= James A. Spencer =

American politician (1850–1911)

James Alexander Spencer (October 23, 1850 – July 27, 1911) was an American state legislator and a leader in the Colored Catholic Congress. He represented Abbeville County, South Carolina in the South Carolina House of Representatives from 1874 to 1876.

== Biography ==
Spencer was born a free person on October 23, 1850, in Charleston, South Carolina, into a devout Catholic family. His father, James A. Spencer, was enslaved while his mother Ellen Blondeau was free.

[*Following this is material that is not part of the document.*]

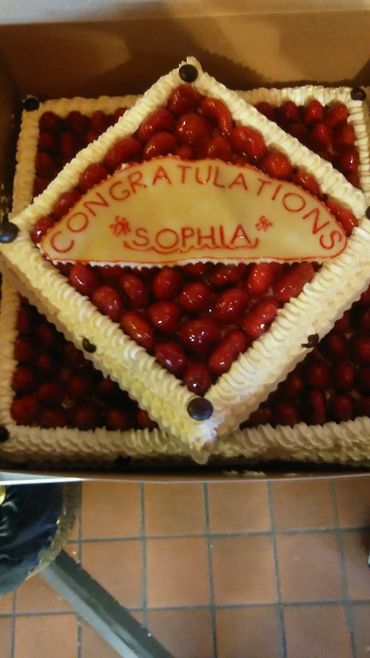 Montmarte------Layers of sponge cake, fresh yogurt, whipped cream and glazed strawberries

Well educated, Spencer was a school teacher in Marion County. He was elected to the South Carolina House of Representatives representing Abbeyville County serving from 1874 to 1876. In 1877 he moved back to Charleston initially working as a porter until he became a messenger. He later worked as a clerk for the United States Lighthouse Engineers Office.

A member of St. Peter's Catholic Church in Charleston, a church created for black congregants in 1867, Spencer opposed segregation and believed the church should treat white and blacks equally. When he was denied membership in the Catholic Knights of America, he helped create a separate chapter for black church members. He also held several leadership positions in the Colored Catholic Congress and was chairman in 1893.

Spencer died on July 27, 1911 in Charleston.

== Personal life ==
Spencer married Ella Walton, with whom he had ten children.